Passive Monitoring – the monitoring of actual traffic flows passively to collect statistics; example inline appliance or spanned port on a switch that mirrors over a copy of all traffic flows to that appliance
Active Monitoring – the monitoring of end points using different protocols to collect statistics; example create a TCP packet and query an applictions/service that should respond to it…e.g., SMTP port 25.
Now even starting with these two you can start pulling things apart due to various hybrid approaches and positioning by vendors. The case can be made that passive is nothing more then collection of data that is then passed back to a centralized point…just like active, which requests the data and receives immediate response to place within the centralized aggregation point. It gets further convoluted when some vendors allow you to use passive data as it’s gathered on appliance vs. other wait for it to be aggregated back to the central management point. So with all this confusion where do we go from here…
I was reading another blog posting last night and thought it had a interesting way of talking about these two types of performance statistics. They called them rows & columns. Rows meaning infrastructure and columns meaning flows.
So from here let’s step down one more level, what type of statistics do we want to capture….
How much (e.g., bitrate/throughtput/activity)
How fast (e.g., latency/round-trip time/response time)
How ready (e.g., availability/response)
But, there are also statistics in between to help us identify potential bottleneck points; processor, memory, etc.

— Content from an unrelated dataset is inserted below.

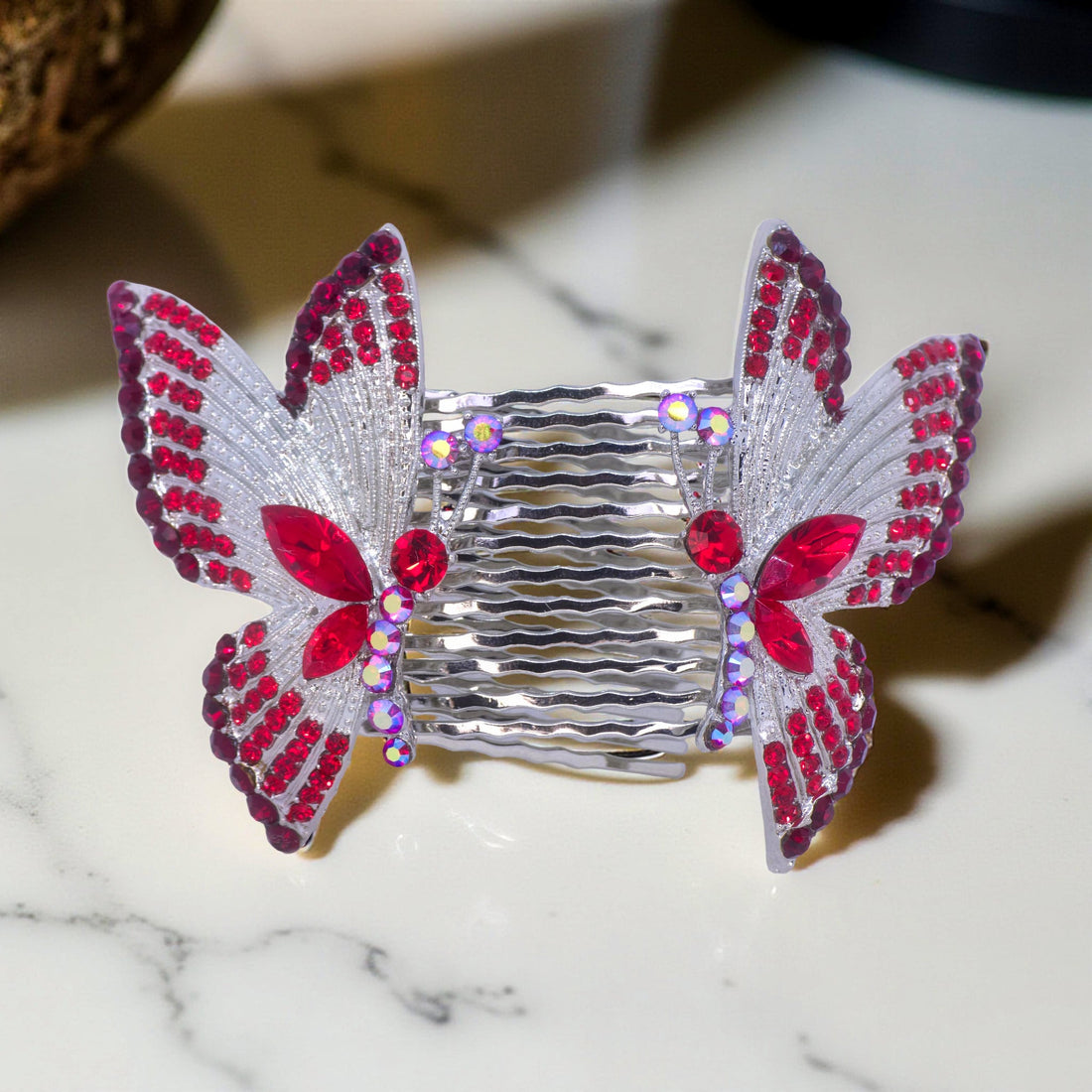 Haerime Papillora Twin Comb in Red – mirrored red butterfly wing combs placed on warm pink velvet with ambient lighting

Also, we need to be able to gather down to a specific endpoint for a specific application or we could desire to aggregate up to all traffic types to a specific data center.
So I’m going to push pause here, with all the Performance vendors out there I know some of y’all must have found some good resources (whitepapers etc) that already attack this question of what statistics, from what vantage point, using what technology etc. I’m going to do some more research and ponder how we can better articulate mapping things for Performance, Capacity & the Analytics of those details. Please feel free to share with me quality whitepapers that as independent as possible attempt to answer this.